Bir ulusun kimliğini oluşturan ve yaşatan unsurlar olarak
o ulusun kültür, bilim ve sanat anlayışını yansıtan yazılı kaynaklar en başta
gelir. Ülkemiz çok eskilere dayanan bir geçmişe sahiptir. Tarih boyunca çok
çeşitli kültür ve sanat eserleri oluşturulmuş;
bir çoğu da günümüze kadar varlığını sürdürebilmiştir. Bu eserlerden
kimileri mimari eserler gibi yerleşik, sabit özellikler arzederken, kimisi de
el yazması eserler gibi taşınabilir nitelik göstermektedirler. Ülkemizdeki el
yazması eserler Türkçe, Arapça, Farsça ve nadir olarak da diğer dillerde
yazılmıştır. Bugün kesin sayısını bile bilemediğimiz yazma ve nadir eserlerimiz taşınalabilir kültür varlıklarımızın başında
gelir. Türkiye toprakları içinde bulunan
kültür merkezi durumundaki şehirlerde kurulmuş kütüphanelerde çok sayıda
yazma eser bulunmaktadır.
Geçmişten bugüne kalan bu yazma eserlerden tam anlamıyla
yararlanabilmek, ancak bu eserlerin bibliyografik nitelemelerinin yapılarak
kataloglarının yayımlanması ile mümkündür. Türkiye’de el yazması eserlerin
bibliyografik denetimi ile ilgili
çalışmalara geçmeden önce bu
eserlerin özellikleri ve kültür tarihimizdeki yerine kısaca değinmek istiyorum
Ülkemizdeki yazma eserler hem nicelik hem de nitelik
açısından küçümsenemeyecek bir değer arzederler. El yazmaları içerikleri
dışında cilt, tezhip, minyatür ve hat sanatı bakımlarından da sanat
tarihçilerimizi yakından ilgilendirmesi gereken bir estetik değerler manzumesi
halinde araştırmacıların ilgisini beklemektedirler.
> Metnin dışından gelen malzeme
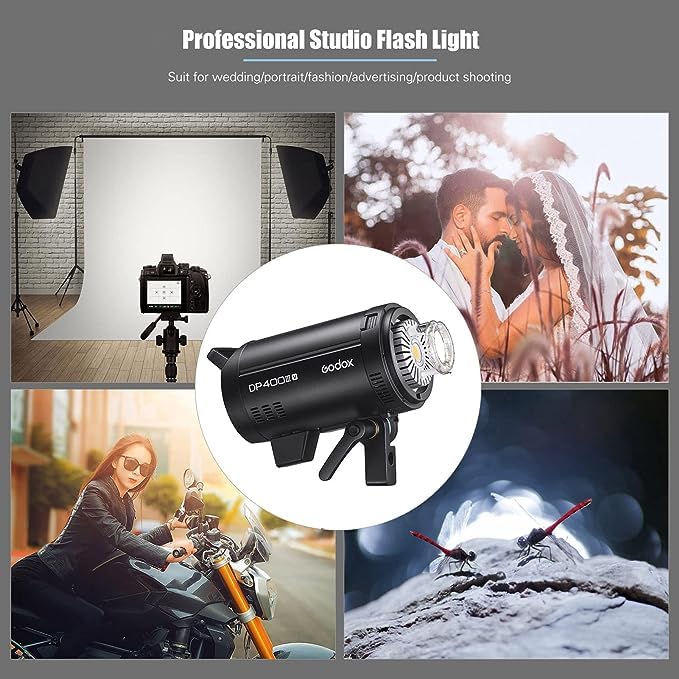 Godox DP400IIIV 400Ws GN87 Studio Flash Kit - Image 6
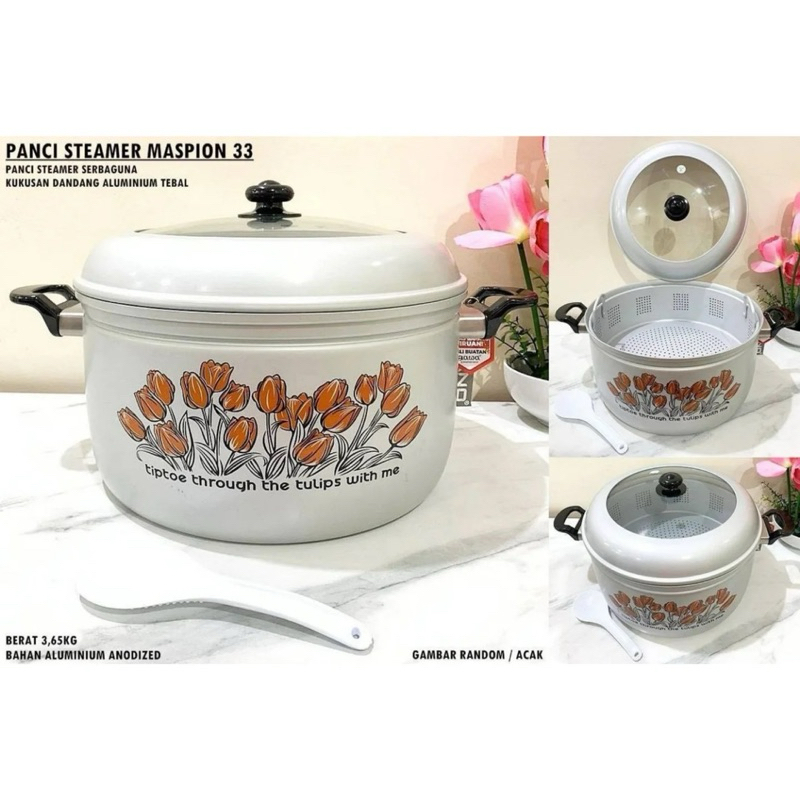 Maspion Panci Kukusan / Panci Panca Guna Tersedia Ukuran 22 24 26 28 30 33cm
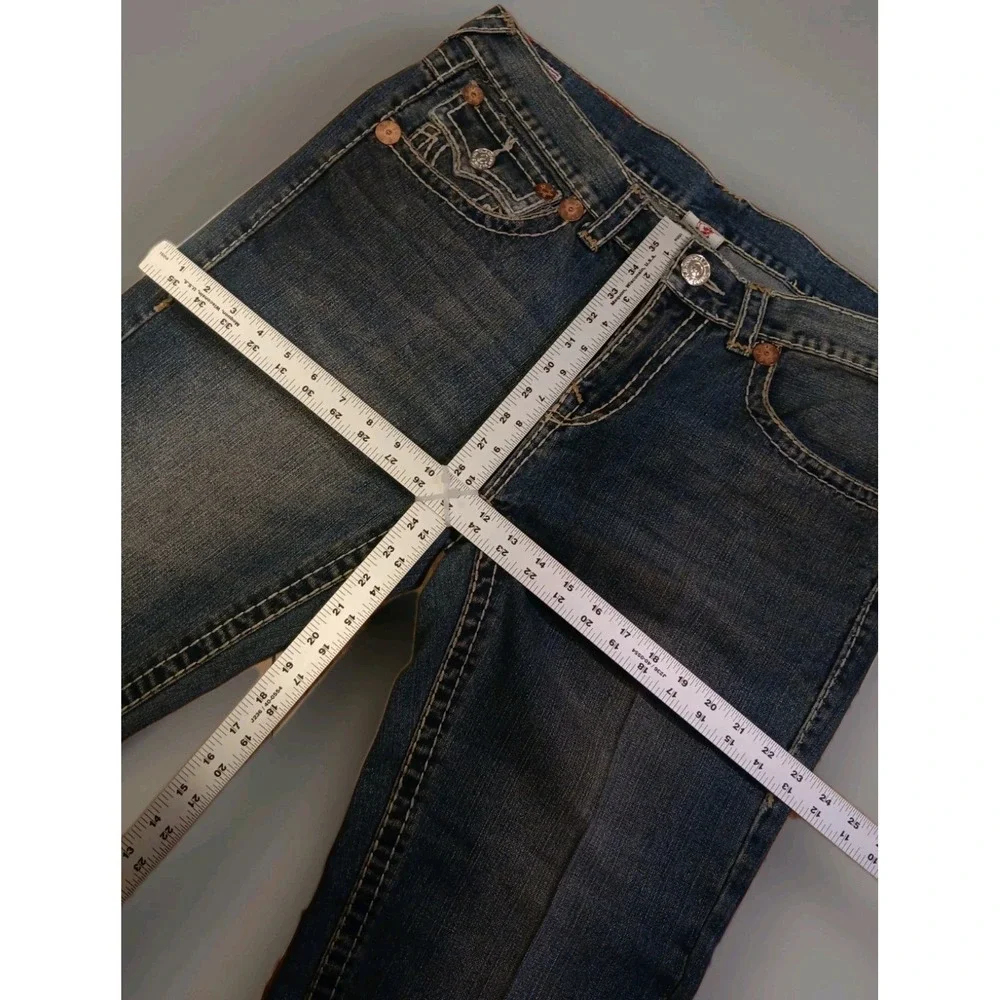 Vintage True Religion Ricky Super T Jeans Men's Size 38 x 34 Made in USA Thick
Türkiye Kütüphanelerindeki yazma eserler sadece Türk
dünyasını değil, bütün İslâm ülkelerini, Balkan ülkelerini, batılı
şarkiyatçıları ve bunların bilim, kültür ve edebiyat araştırmacılarını yakından
ilgilendiren birer hazine niteliğindedirler.
Coğrafi açıdan
bu derece geniş ilgi dışında bunların yazıldıkları diller ve edebiyatları,
islam öncesi ve islami devirler Doğu Akdeniz kültür ve uygarlığı, doğu
hıristiyanlığı, Mezopotamya ve Mısır ilim ve kültür mirası ile geniş bir
uygarlığın önemli kaynaklarıdır (Duman, 1999-273).
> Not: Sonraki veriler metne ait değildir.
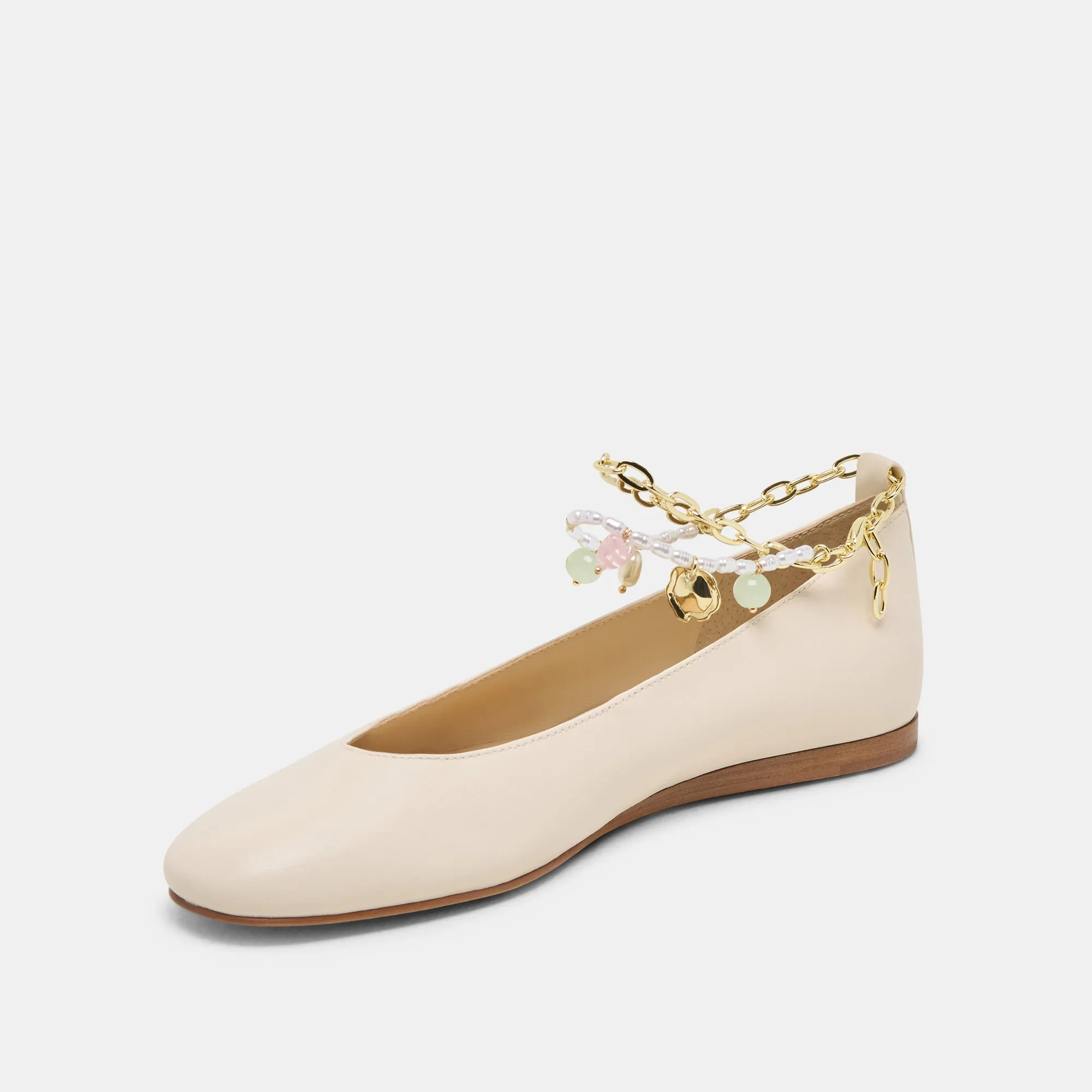 BAIDEN BALLET FLATS KNOCHENLEDER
Bu denli geniş bir kültür ve coğrafi alanı ilgilendiren
Türk yazmalarının bibliyografik kontrollerinin yapılarak yararlanmaya sunulması
da bir o kadar önem taşımaktadır. Bu bildiri kapsamında yazmaların korunması,
onarılması ile yazmaların bulunduğu mekanlar yani yazma kütüphaneleri üzerinde
durulmayacaktır.
Türkiye kütüphanelerinde bulunan yazmaların kesin sayısı bile
bugün bilinememektedir. Çeşitli araştırıcılar ülkemizde bulunan yazmaları
300.000 cilt ve 600.000 eser olarak nitelendirmektedirler (Bayoğlu,1999; Kut,1999;
Cunbur,1970; Soydal,1999). Hem
fiziksel hem de içerdikleri bilgiler açısından geçmişin hazinesi, geleceğimizin
teminatı olarak nitelendirilen yazma eserlerimizin kesin sayısının bilinmemesi,
bu eserlerin bibliyografik nitelemelerinin tamamlanamamış olmasından
kaynaklanmaktadır. Bu yazmalardan
yaklaşık 220.000 cildi Kültür Bakanlığına bağlı kütüphane ve müzelerde
bulunmaktadır. Bunların kabaca kayıtları da mevcuttur. Ancak şahıs ellerinde bulunan ve diğer araştırma merkezlerinde bulunanların
bibliyografik içerikleri hakkında kesin bilgiler bulunmamaktadır.
Yazma eserlerin kataloglama ve sınıflaması ile ilgili
çalışmalar XIX.yüzyılın ikinci yarısında üzerinde önemle durulan sorunların
başında gelmektedir. Münif Paşa tarafından hazırlanan kütüphaneler nizamnamesi
yazmalar için fihrist (defter) oluşturulması yönünde hükümler içermektedir. Bu fihristlerin
eksikliği Ahmet Zeki Paşa, Ali Fethi ve Muhtar beylerin yazdıkları raporlarda
da ele alınmıştır: 1927’de yazmalar için baţlatılan tasnif faaliyetleri 6
ay sürebilmiş ve bundan 8 yıl sonra ünlü şarkiyatçı Prof.Dr.Helmut Ritter’in
başkanlığında ikinci tasnif heyeti çalışmalara başlayabilmiştir. Bu komisyonun
çalışmaları sonucunda İstanbul kütüphanelerinde yer alan kimi yazma
koleksiyonlarının katalogları yayımlamıştır (Cunbur, 1970: 15). Ne yazık ki
yayımlanan bu kataloglar mevcut yazma koleksiyonlarının çok az bir bölümünü
oluşturmaktadır. Bu çalışmalar yazmalar konusunda yetişmiş personel sayısının
azlığını da ortaya koymuştur. Cumhuriyetimizin
ilk yıllarında sürdürülen bu çalışmalar cılız girişimlerle sınırlı kalmıştır.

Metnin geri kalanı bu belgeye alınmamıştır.